Keywords

1 Introduction

In modern society, China’s civil aviation industry develops rapidly. With the continuous improvement of informatization, focusing on the civil aviation transportation industry, a large number of aviation customer data has been generated. With the continuous growth of airline network and air traffic volume, the competition among airlines is increasingly fierce, and the level of competition is also upgrading and expanding. In order to enhance competitiveness and attract aviation customers, airlines have put forward their own marketing plans, such as “Phoenix bosom friend” of Air China, “Oriental WanLiXing” of China Eastern Airlines, and “Pearl member” of China Southern Airlines. However, these alone cannot meet the needs of the explosive growth of the number of airline customers. The general membership level system has been difficult to assess the value and loyalty of airline passengers [1], nor to dig out the real value of massive customer data.

With the coming of the information age, the marketing focus of enterprises has changed from product center to customer center, and customer relationship management has become the core issue of enterprises. The key problem of customer relationship management is customer classification. Through customer classification, we can distinguish between valueless customers and high-value customers. Enterprises specify and optimize personalized services for different value customers, adopt different marketing strategies, concentrate the priority marketing resources with high-value customers, and achieve the goal of maximizing profits. Accurate customer classification result is an important basis for the distribution of marketing resources. The more and more customers, the more and more become one of the key problems to be solved in the customer relationship management system [2,3,4].

In the face of accumulated market competition, various airlines have launched more preferential marketing methods to attract more customers. Domestic capable airlines are faced with business crisis such as passenger loss, competitiveness decline and insufficient utilization of aviation resources. Just like the big data application system[5,6,7] in all walks of life, it is necessary and effective to provide personalized customer service for different customer groups by establishing a reasonable customer value evaluation model, grouping customers, analyzing and comparing customer values with different customer groups, and formulating corresponding marketing strategies. At present, the airline has accumulated a large number of member file information and flight records. Therefore, airlines usually need to adopt some models to effectively classify customers. However, the traditional processing method has low performance, long time-consuming, poor accuracy and poor interaction experience effect.

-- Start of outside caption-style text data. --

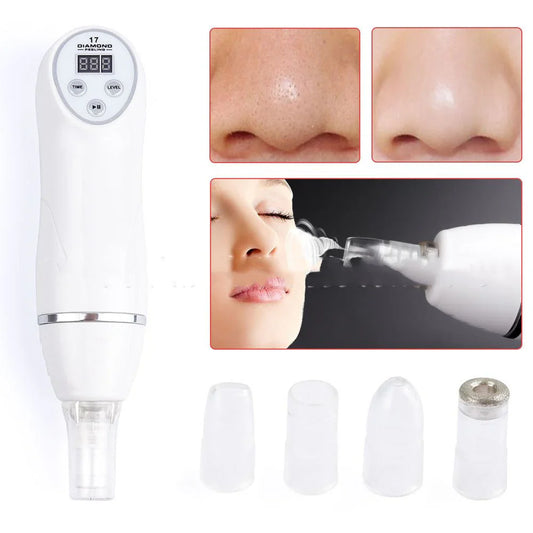 Electric Pore Suction and Acne Removing Device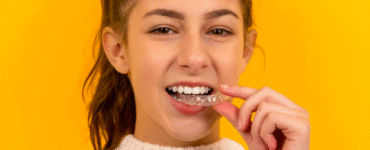Alinhador invisível: como funciona o tratamento dentário
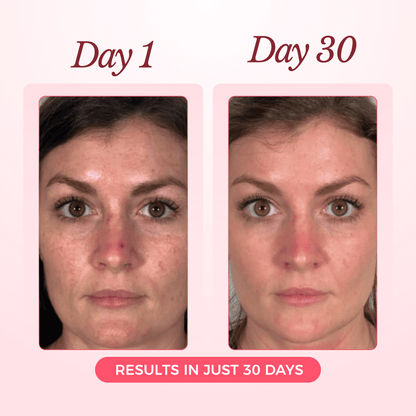 Advanced Collagen Sculpting Mask 2.0 (Spa-Level Results)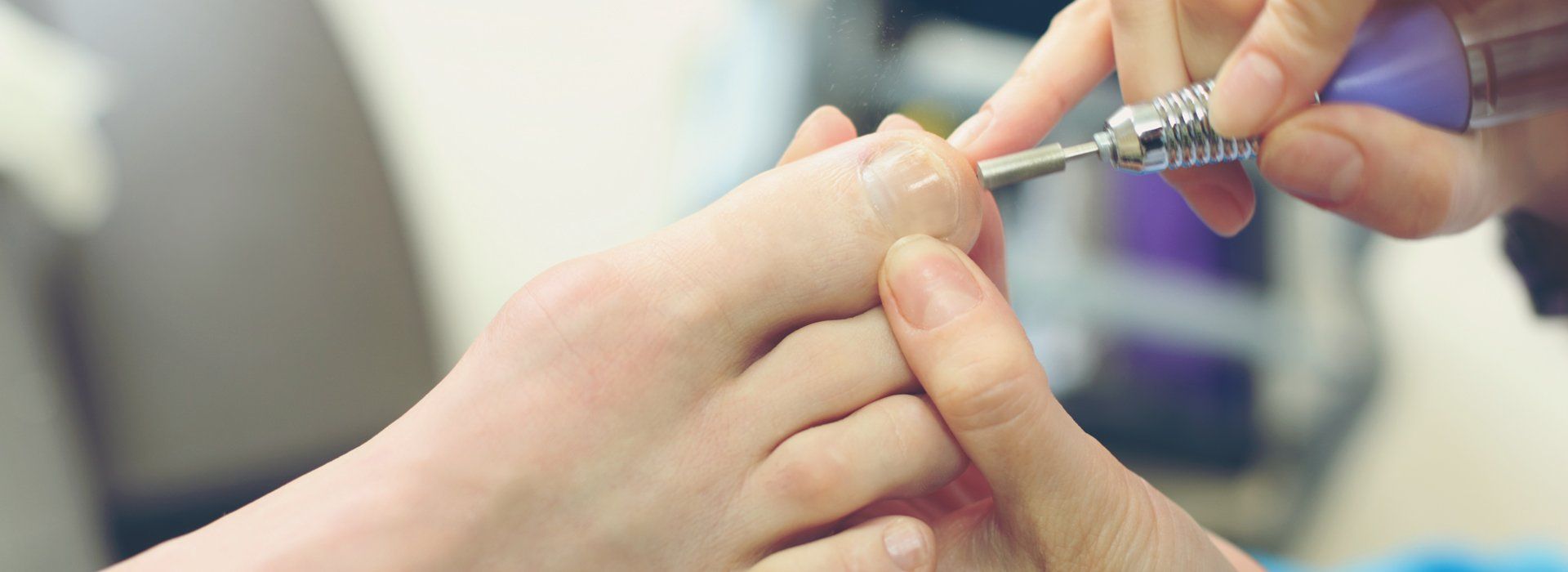 toenail treatment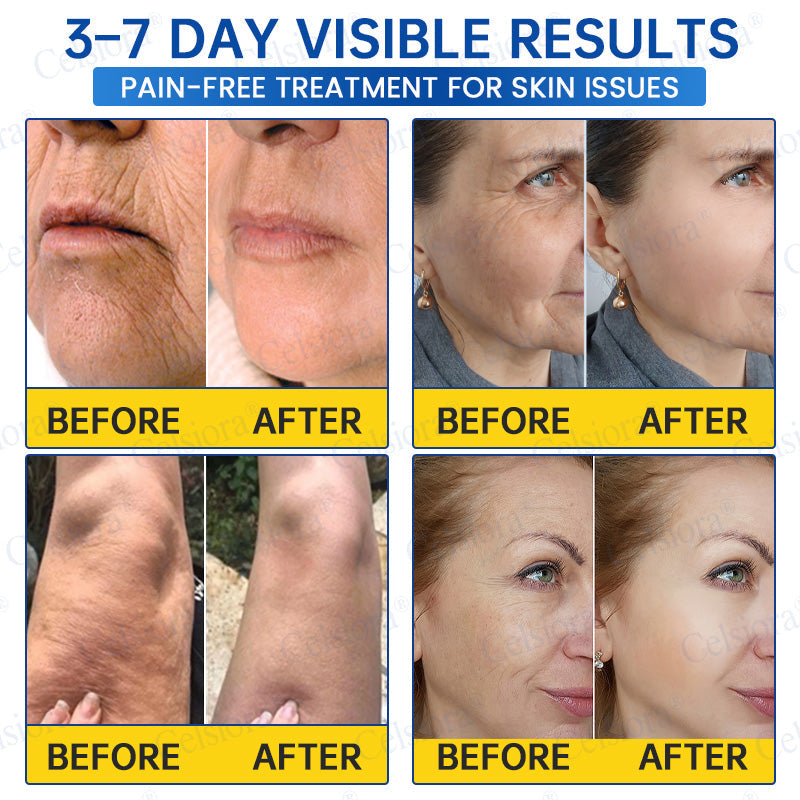 🥈🧡🧶Curalona® Botox & PDRN Anti-Wrinkle Shot – Lift & Firming Cream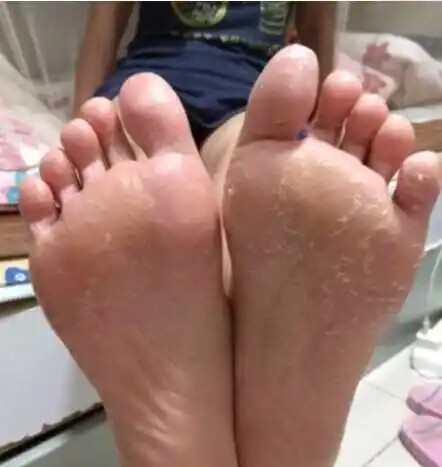 手脚开裂干裂干燥脱皮掉皮修复霜季节性手起水泡手部护理去死皮膏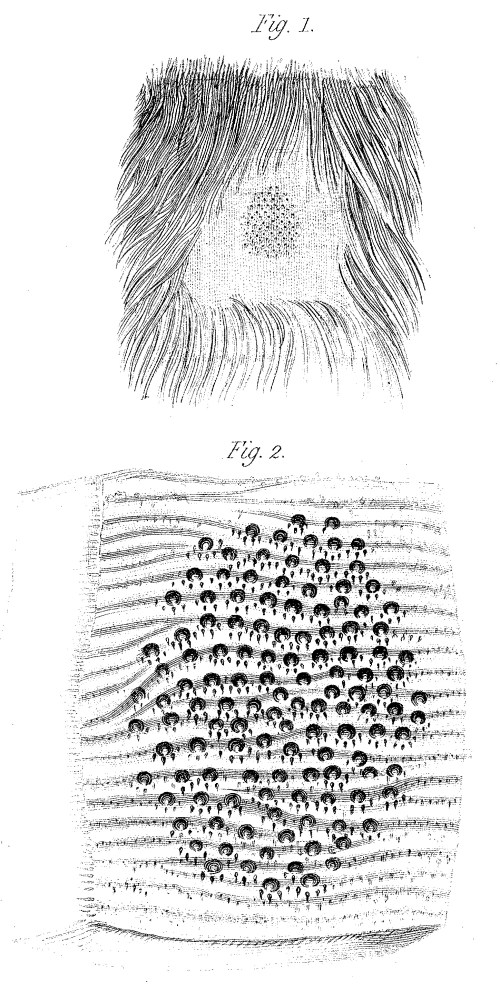 "Areola" of the female platypus in the abdominal region, with embiggened version below. From: Richard Owen, On the Mammary Glands of the Ornithorhynchus paradoxus. Philosophical Transactions of the Royal Society of London Vol. 122 (1832), pp. 517-538 http://www.jstor.org/stable/107974 FREE!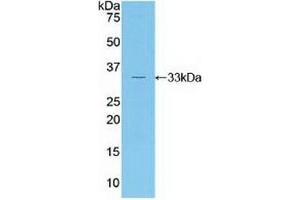 Western Blotting (WB) image for anti-RAR-Related Orphan Receptor C (RORC) (AA 212-461) antibody (ABIN7439402)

In order to solve the above problems and more effectively classify customers, this paper proposes a method to realize customer value analysis, which is based on LRFMC customer value evaluation model [8] and machine learning K-Means [9] clustering analysis algorithm. Through the use of Python data analysis module pandas as the main body, the whole process of data exploration, data preprocessing, modeling analysis and visualization is fully interpreted. Through data preprocessing, standardized feature vector and K-Means clustering analysis algorithm, rapid and efficient clustering analysis [10] is carried out to achieve the purpose of obtaining accurate customer value information.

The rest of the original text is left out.